> Assignment: Skip every picture, then write out exactly the lines of the listing below from the line that contains "Holtz Bay tide" through the final line.

⟨

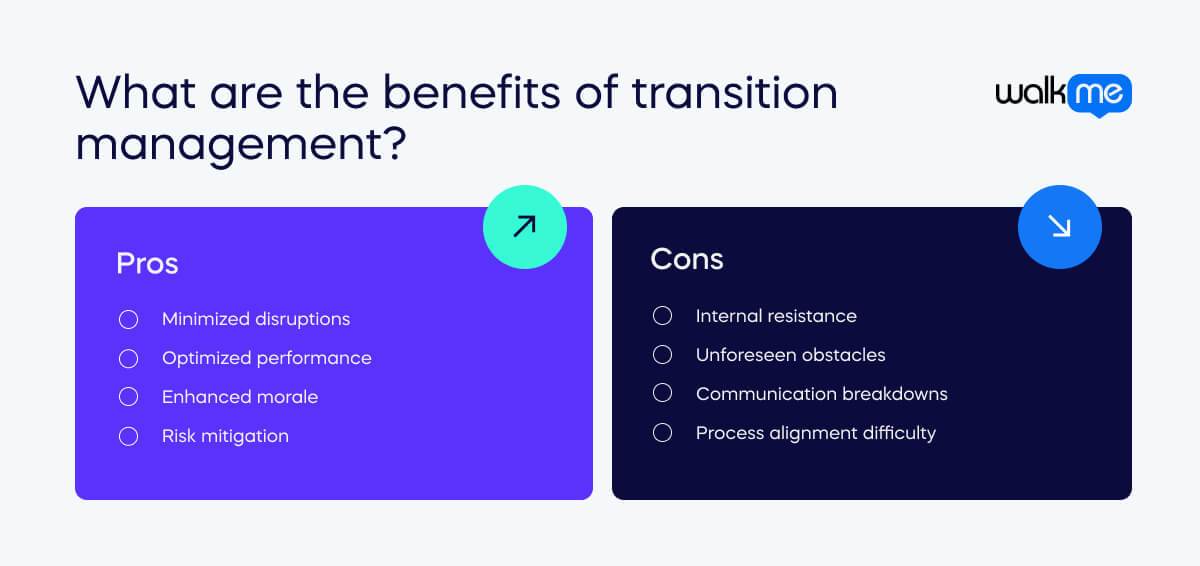 Transition Management Interface How to Develop a Transition Management Plan for Change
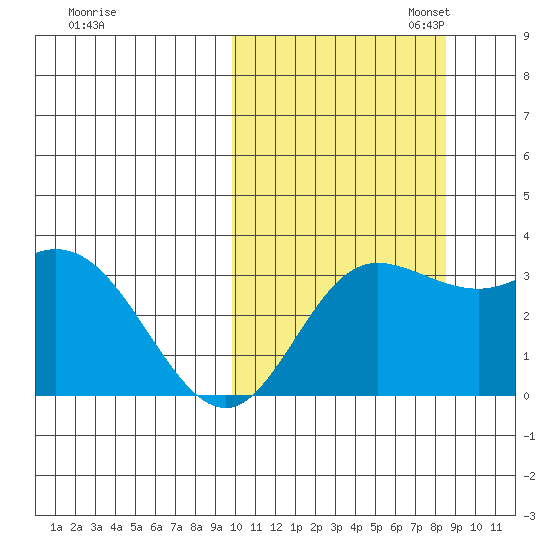 Holtz Bay tide chart for Tuesday, October 14, 2025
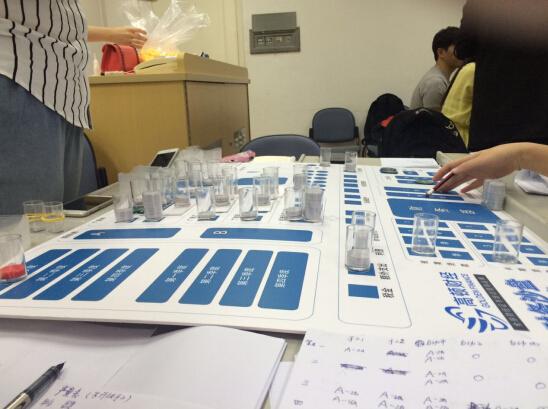 ERPɳ��ģ�⵽�׸�ʲô����ʵ����������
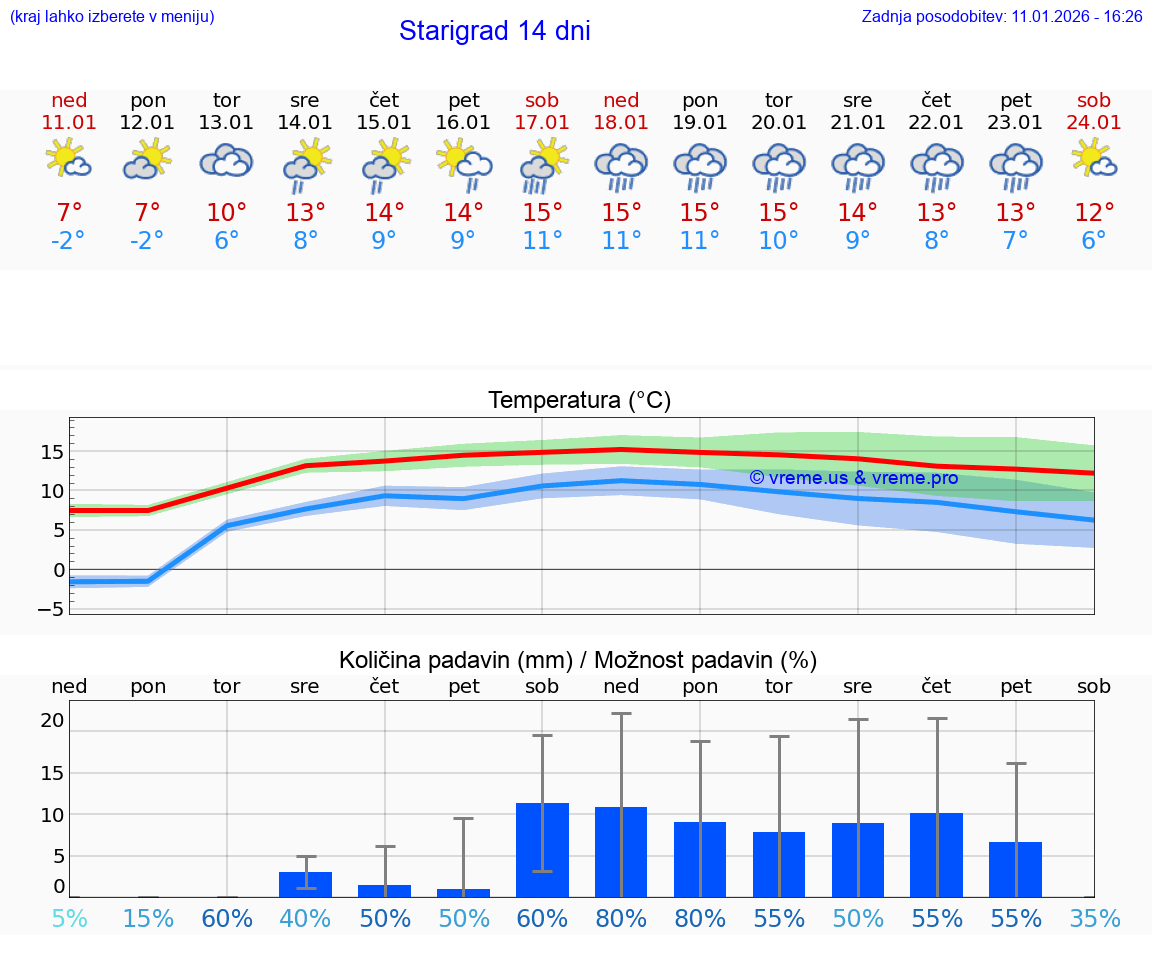 VREME 25 DNI Starigrad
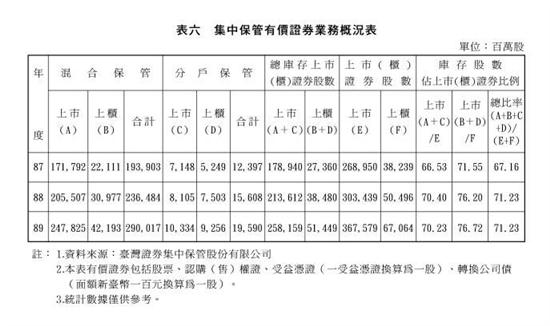 集中保管有價證券業務概況表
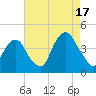 Brooklyn Navy Yard tide chart for Sunday, August 17, 2025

⟩

> Written reply:
 Holtz Bay tide chart for Tuesday, October 14, 2025
 ERPɳ��ģ�⵽�׸�ʲô����ʵ����������
 VREME 25 DNI Starigrad
 集中保管有價證券業務概況表
 Brooklyn Navy Yard tide chart for Sunday, August 17, 2025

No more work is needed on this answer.